There are  a record number of people are in work today, but the number of people who have never worked has also increased by 50 per cent over the past two decades.

That is among the many findings of a new report out today by the think tank the Resolution Foundation

8.2 per cent of people aged 16-64 in the UK today, 3.4 million people in total) have never had a paid job, besides casual and holiday work. While lower than the 2013 high-point, this is a 52 per cent increase since 1998, when 5.4 per cent had never worked.

One commonly asserted explanation, says the report,  that a generous welfare system has increasingly allowed families to choose a life of worklessness is very wide of the mark.

Household worklessness is at record lows and the generosity of out-of-work benefits has declined over recent decades.

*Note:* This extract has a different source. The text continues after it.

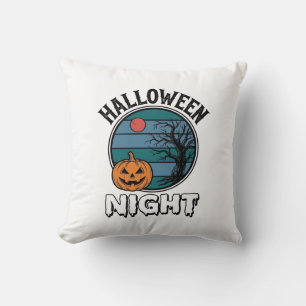 Vintage-Halloween-Nacht-Kürbisbaum-Shirt-Design_ Kissen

Instead, the growth in the proportion of people who have never worked reflects changes in the lifecycle journey from education to employment, in particular a reduction in ‘earning while learning’ and slower transitions from education to employment

The employment rate of 16-17 year olds has virtually halved over the past two decades – from 48.1 per cent in 1997-99 to 25.4 per cent in 2017-19. Increased participation in education only explains a small part of this decline – two-thirds of the fall is driven by a declining employment rate among 16-17 year olds studying full time at school or college.

There has been a sharp fall in the employment rate of 18-24 year olds in further and higher education. There has been a 25 per cent fall in the employment rate of 18-19 year olds studying for degrees from the early 2000s peak, a 15 per cent fall among 20-21 year old university students, and a 33 per cent fall among 18-19 year olds studying for non-degree qualifications.

Among the recommendations of the authors are that policy makers should pay more attention to the drivers of a rising likelihood of working-age adults never having had a paid job.

Rather than cutting benefits, this means encouraging earning while learning and improving the systems that support education-to-work transitions.

Getting a first paid job after completing full-time education takes longer than it used to. In the late 1990s, 56 per cent of young education leavers who had never previously worked got a paid job within the first year after leaving.

Today that figure has fallen to 44 per cent.

Motherhood and ill-health in early adulthood effectively ‘lock in’ a lack of paid work experience for those who have not had any up to that point. The proportion of 25-39 year old mothers who have never worked has increased from 3.3 per cent in the late 1990s to 6.5 per cent today, while the proportion of 25-39 year old men with health problems who have never worked has increased from 4.8 to 7.6 per cent.